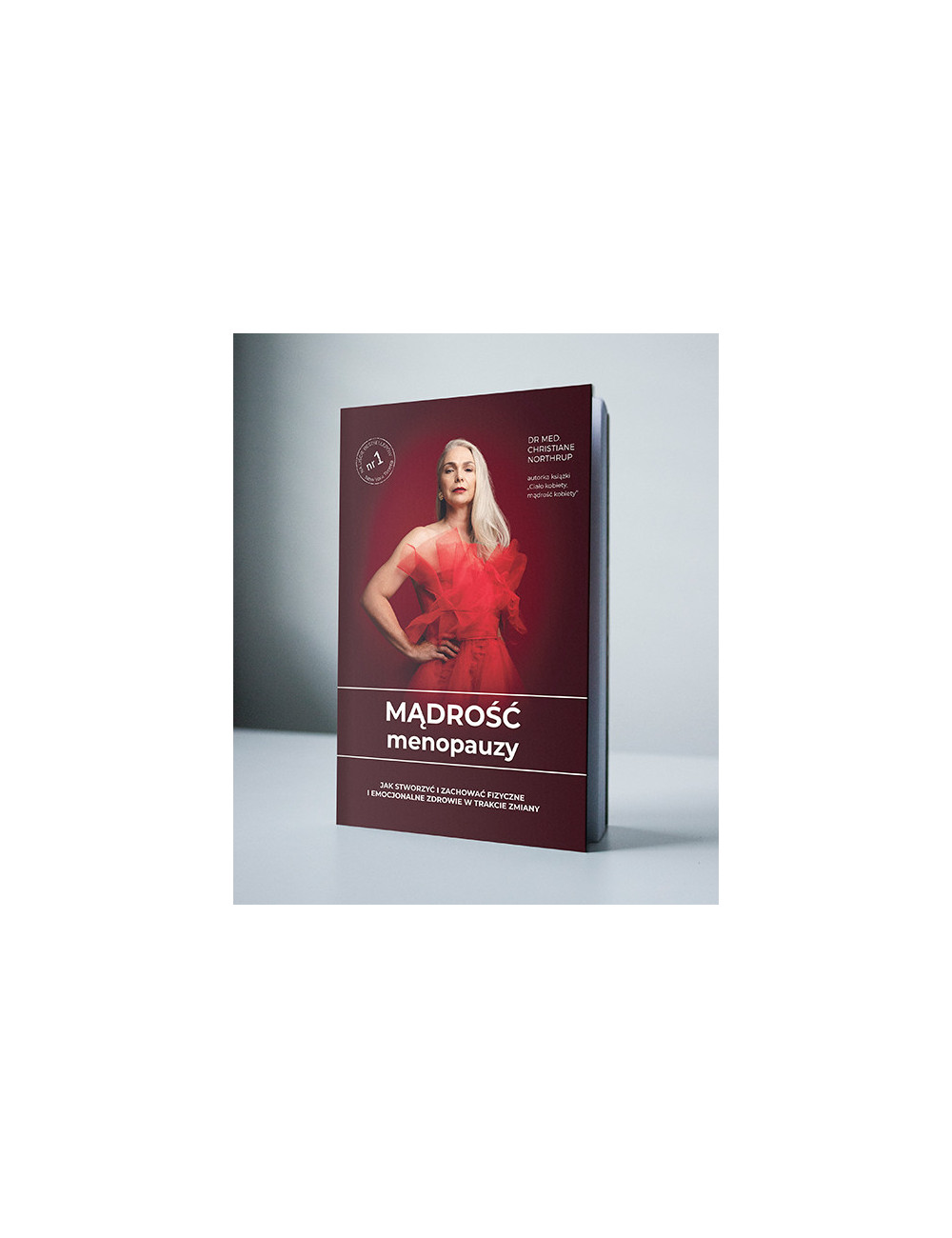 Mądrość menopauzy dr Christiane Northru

* * *

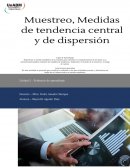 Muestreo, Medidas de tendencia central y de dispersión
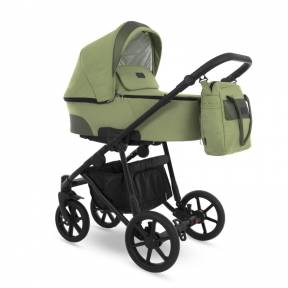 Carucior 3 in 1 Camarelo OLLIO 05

* * *

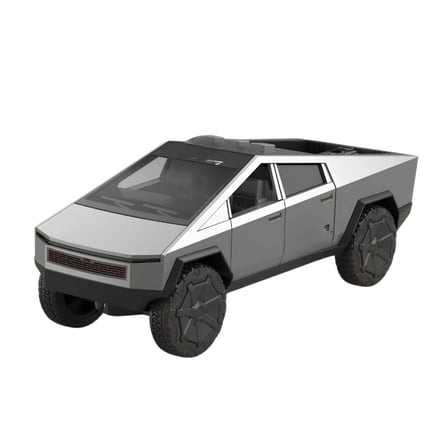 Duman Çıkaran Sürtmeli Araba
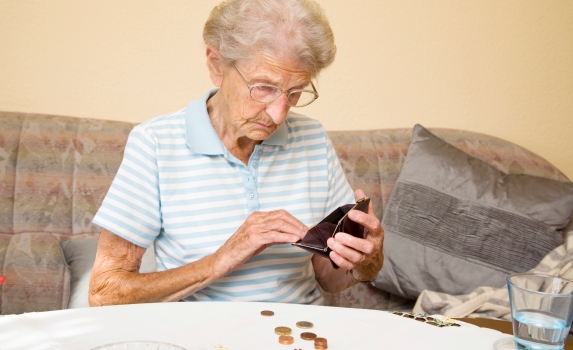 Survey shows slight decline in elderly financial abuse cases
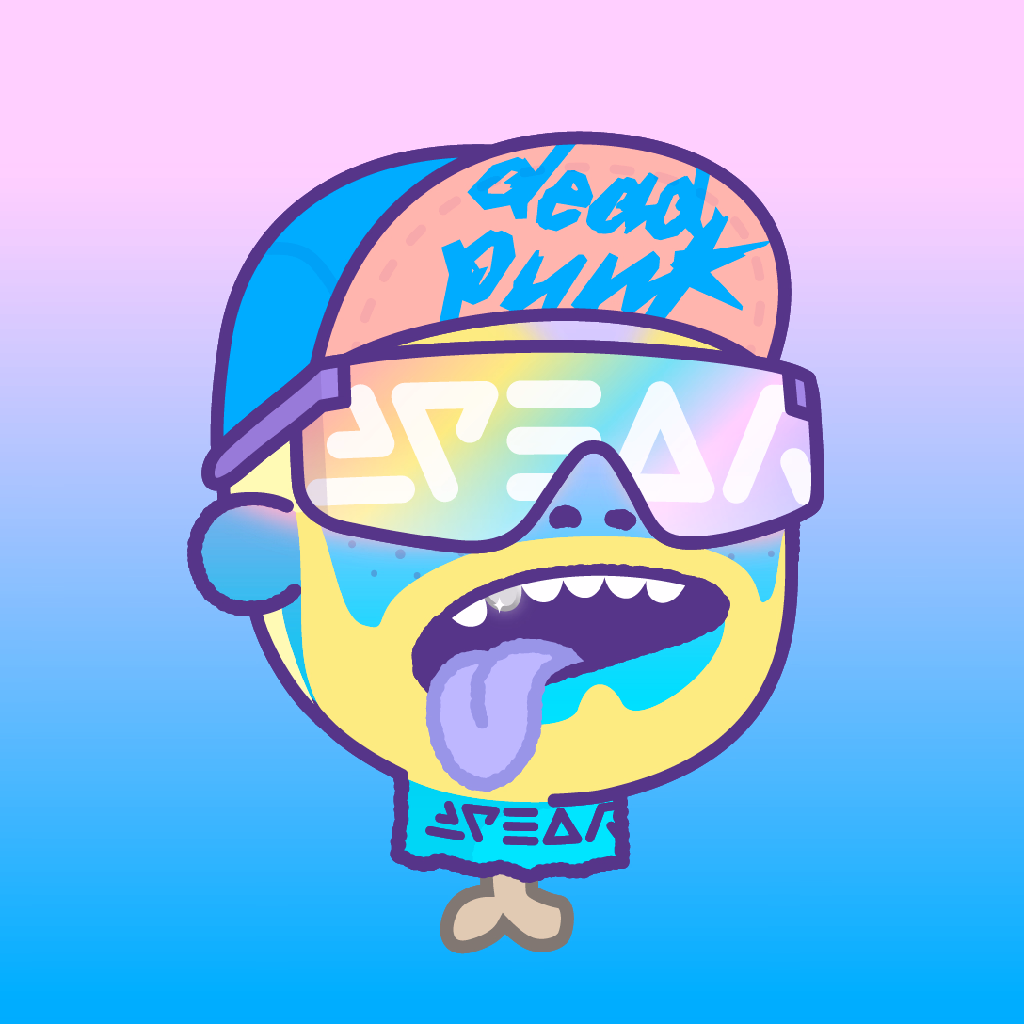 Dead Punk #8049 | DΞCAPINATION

-- EXERCISE OBJECTIVE --
Among the records above, locate the line containing "Muestreo, Medidas de" and the line containing "Carucior 3 in 1 Camarelo OLLIO 05", then transcribe exactly the lines starting at the first and ending at the second, with no pictures.

-- RESULT --
 Muestreo, Medidas de tendencia central y de dispersión
 Carucior 3 in 1 Camarelo OLLIO 05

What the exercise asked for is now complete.